Records excerpted from a collection
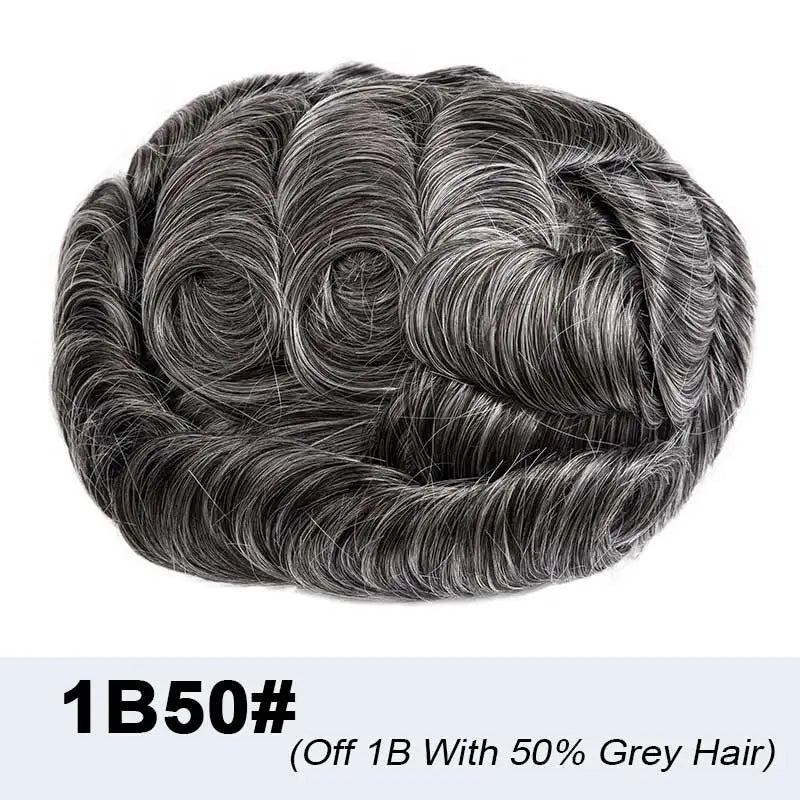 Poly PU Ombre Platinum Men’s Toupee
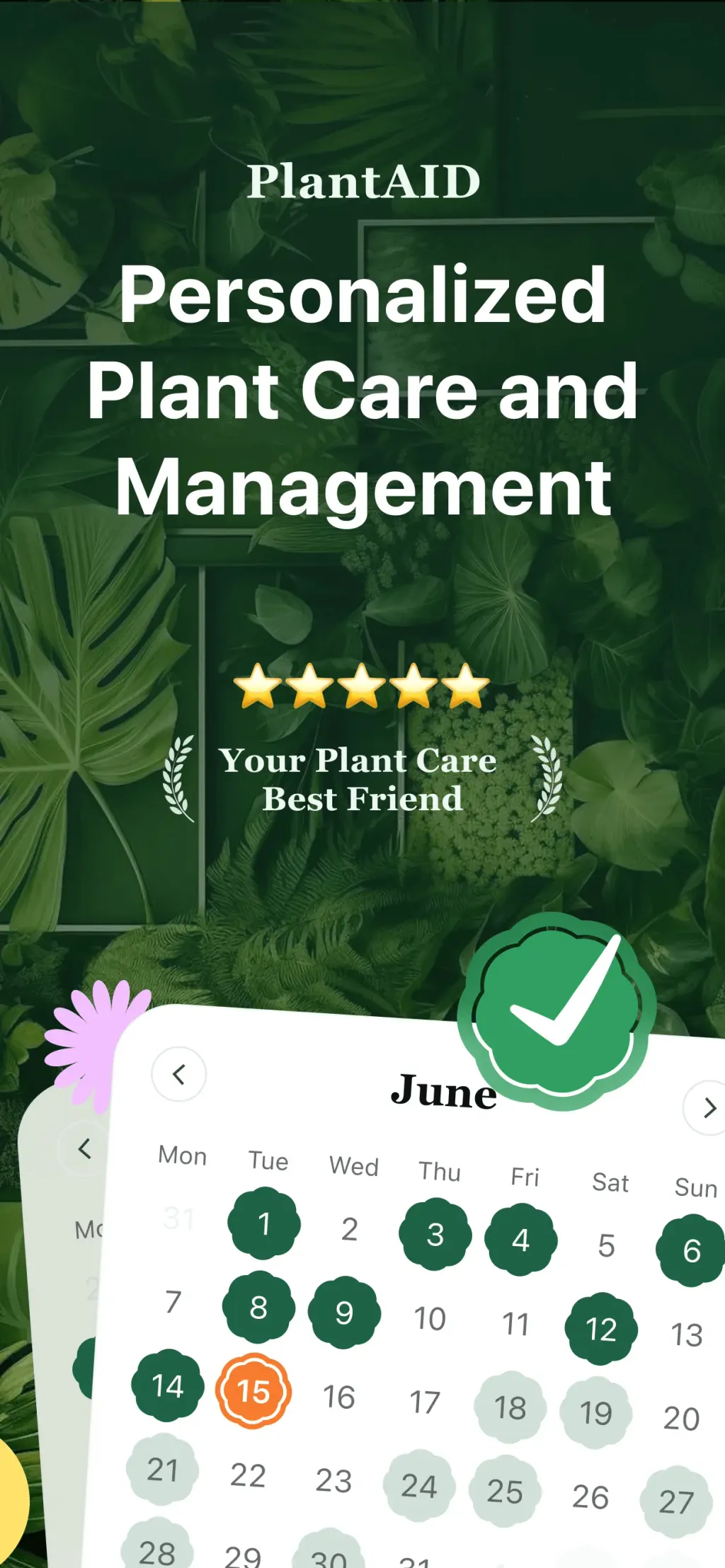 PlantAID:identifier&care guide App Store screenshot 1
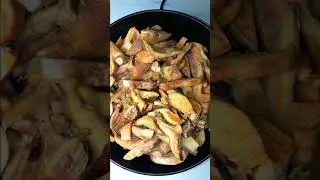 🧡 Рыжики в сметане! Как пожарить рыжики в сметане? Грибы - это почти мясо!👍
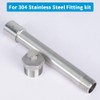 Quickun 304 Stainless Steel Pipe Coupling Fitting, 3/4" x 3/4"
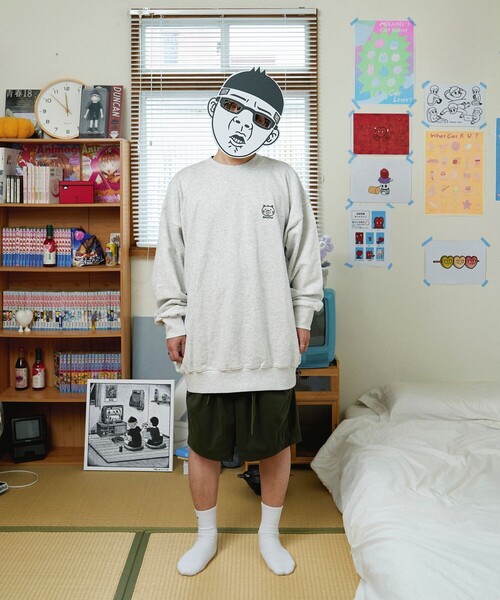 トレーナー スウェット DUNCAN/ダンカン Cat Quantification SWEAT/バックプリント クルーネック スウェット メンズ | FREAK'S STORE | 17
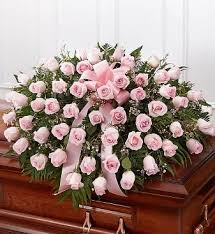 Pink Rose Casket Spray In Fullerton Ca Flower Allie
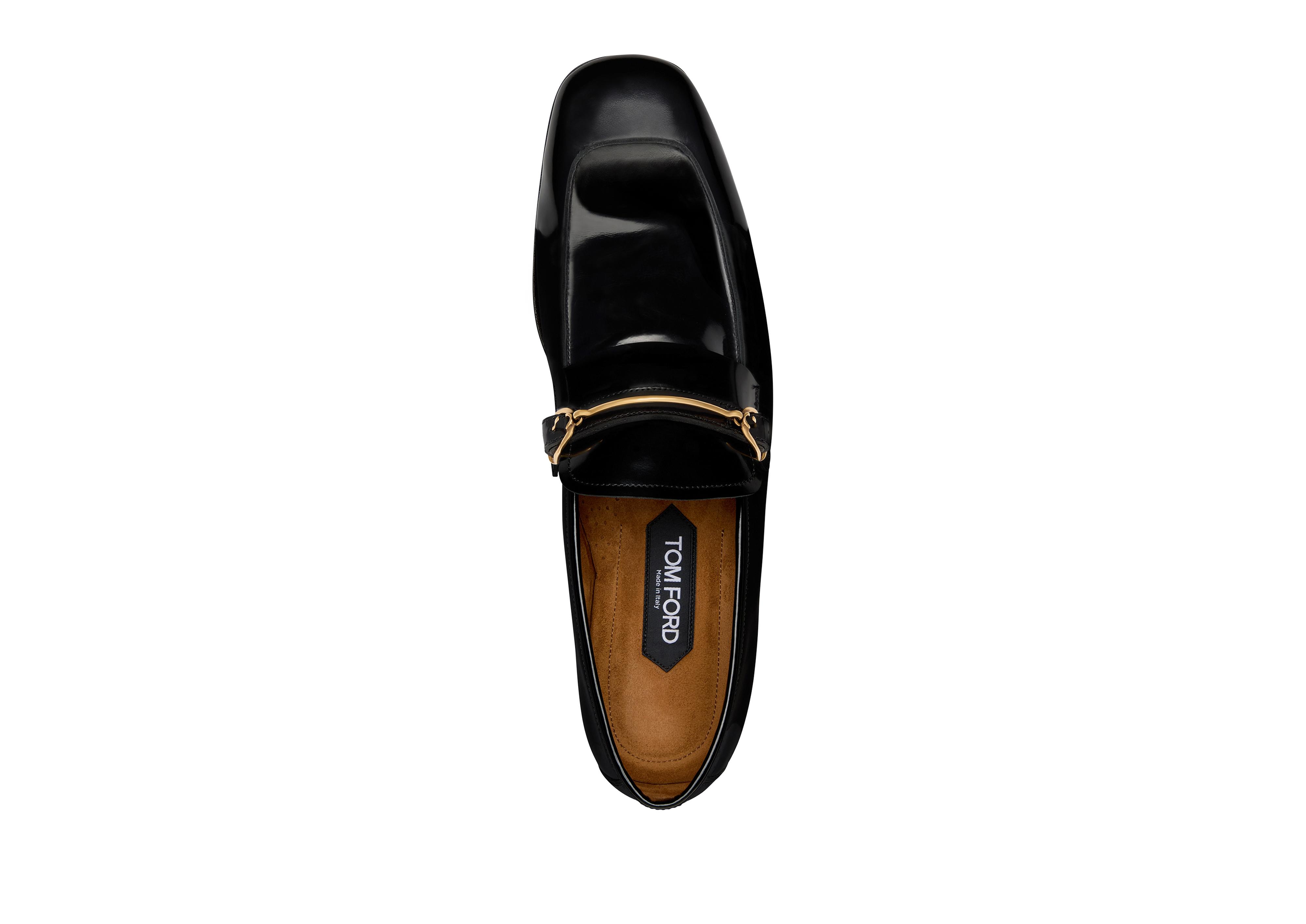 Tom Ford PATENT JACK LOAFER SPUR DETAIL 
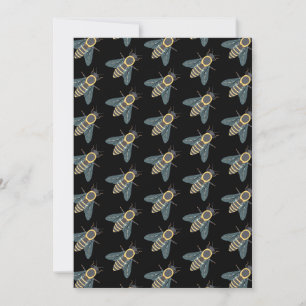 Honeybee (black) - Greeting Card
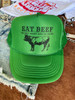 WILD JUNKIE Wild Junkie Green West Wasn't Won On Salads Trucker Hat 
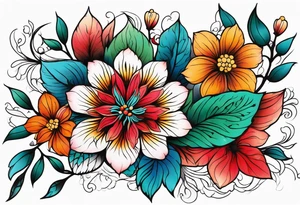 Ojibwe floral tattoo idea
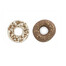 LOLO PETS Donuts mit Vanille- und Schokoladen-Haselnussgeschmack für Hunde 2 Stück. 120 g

### WORK INSTRUCTIONS
Leave out the pictures, and write out all the remaining data above exactly.

### EXERCISE SOLUTION
 Poly PU Ombre Platinum Men’s Toupee
 PlantAID:identifier&care guide App Store screenshot 1
 🧡 Рыжики в сметане! Как пожарить рыжики в сметане? Грибы - это почти мясо!👍
 Quickun 304 Stainless Steel Pipe Coupling Fitting, 3/4" x 3/4"
 トレーナー スウェット DUNCAN/ダンカン Cat Quantification SWEAT/バックプリント クルーネック スウェット メンズ | FREAK'S STORE | 17
 Pink Rose Casket Spray In Fullerton Ca Flower Allie
 Tom Ford PATENT JACK LOAFER SPUR DETAIL 
 Honeybee (black) - Greeting Card
 WILD JUNKIE Wild Junkie Green West Wasn't Won On Salads Trucker Hat 
 Ojibwe floral tattoo idea
 LOLO PETS Donuts mit Vanille- und Schokoladen-Haselnussgeschmack für Hunde 2 Stück. 120 g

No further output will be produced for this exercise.